MySQL Utilities

3.4.6 How Can you determine if data was replicated correctly?

Once the replication system is setup and running, it is not uncommon that one might want to verify if the data is being replicated correctly on the slaves. In normal circumstances, the same data is expected on the master and its slaves (excluding the use of filtering rules). Nevertheless, faults at the data level can introduce inconsistent changes on servers without raising any kind of error. These data inconsistencies can result from bugs, hardware malfunction, human errors, or unauthorized access.

It is desirable to detect these issues, in order to fix them and ultimately prevent them from happening again. Determining the cause of such issues might not be an easy task since it might be caused by byzantine failures at distinct levels. However, the first big step toward a solution to this kind of problem is being able to detect data inconsistency and make sure that the data among the replication servers is synchronized.


The goal is to execute the mysqlrplsync utility to detect data consistency issues on an active replication system making sure that the master and its slaves are synchronized.

Executing this task manually on an active system is difficult and sometimes tedious since changes may be continuously happening on all servers (in an asynchronous way) and the same data needs to be compared between servers. Moreover, it can introduce an undesirable and uncontrolled impact on the system performance if you lock the tables or stop replication.

Fortunately, the mysqlrplsync utility allows us to perform this task in an easy and optimized way with a controlled impact on the running system (limiting the execution time of all operations).

Let's assume that a replication topology with one master (server1:3310) and two slaves (server2:3311, server3:3312) was previously setup and it is running without errors.

Example Execution

Start the mysqlrplsync utility, specifying the servers you want to check.

shell> mysqlrplsync --master=user:pass@localhost:3310 \
# GTID differences between Master and Slaves:
# - Slave 'localhost@3311' is 15 transactions behind Master.
# - Slave 'localhost@3312' is 12 transactions behind Master.
# Checking data consistency.
# Using Master 'localhost@3310' as base server for comparison.
# Checking 'test_rplsync_db' database...
# - Checking 't0' table data...
#   [OK] `test_rplsync_db`.`t0` checksum for server 'localhost@3311'.
#   [OK] `test_rplsync_db`.`t0` checksum for server 'localhost@3312'.
# - Checking 't1' table data...
#   [OK] `test_rplsync_db`.`t1` checksum for server 'localhost@3311'.
#   [OK] `test_rplsync_db`.`t1` checksum for server 'localhost@3312'.
# Checking 'test_db' database...
# - Checking 't0' table data...
#   [OK] `test_db`.`t0` checksum for server 'localhost@3311'.
#   [OK] `test_db`.`t0` checksum for server 'localhost@3312'.
# - Checking 't1' table data...
#   [OK] `test_db`.`t1` checksum for server 'localhost@3311'.
#   [OK] `test_db`.`t1` checksum for server 'localhost@3312'.
# SUMMARY: No data consistency issue found.

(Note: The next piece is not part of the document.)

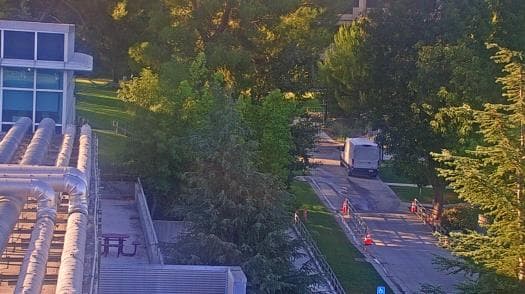 Weather camera view of College of the Canyons.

The above example illustrates how to start the mysqlrplsync utility to check if all data on the specified replication topology is synchronized.

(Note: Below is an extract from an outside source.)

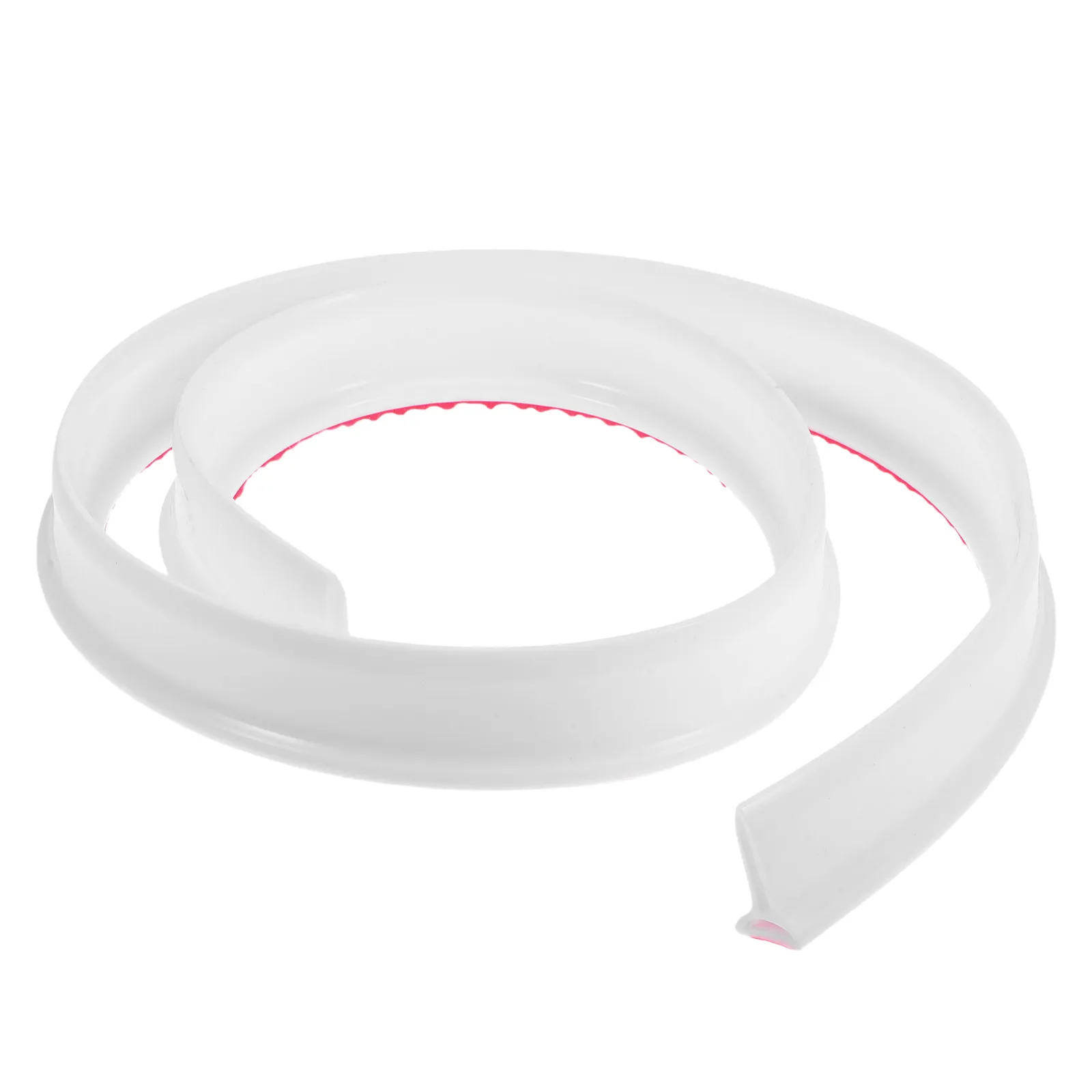 Silicone Water Retaining Strip Bendable Bathroom Waterproof Self-Adhesive Shower Room Water Blocking Strip Toilet Bath Tub view 5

To do this, we simply need to specify the master's connection with the --master option, and the list of slaves with the --slaves option. As an alternative to the --slaves option, one can use the --discover-slaves-login specifying a user and password (or login-path) to connect to the slaves and the utility attempts to discover all of the slaves connected to the master using the specified login. For example, '--discover-slaves-login=root:secret' is used to discover all of the slaves and login to each using the 'root' user id and the password 'secret'.

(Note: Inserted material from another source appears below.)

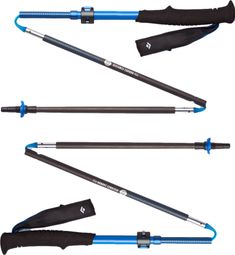 Black Diamond Distance Carbon FLZ Wandelstokken Zwart/Blauw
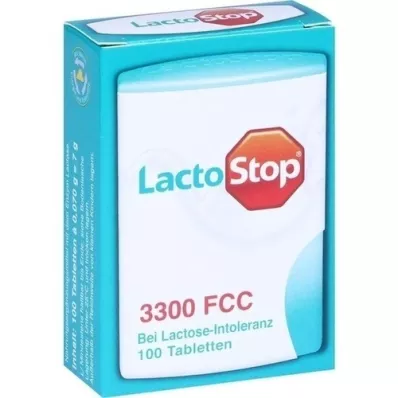 LACTOSTOP 3,300 FCC Tabletták click adagoló, 100 db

The --discover-slaves-login can be very handy especially if there is a huge number of slaves in the topology, but bear in mind that the explicit specification of slaves is safer and that discovery can fail to find some servers. In particular, it is important to note that in order for slaves to be discovered, they must be started with the '--report-host' and '--report-port' options with appropriate values and they must be correctly connected to the master (IO thread running) otherwise discovery may fail to identify the slave.

In the above example, no data consistency issues were found. In case any data difference are found, each is clearly identified by the '[DIFF]' prefix followed by concise information of where and what is the difference. Additionally, at the end the utility displays a summary of the number of issues found.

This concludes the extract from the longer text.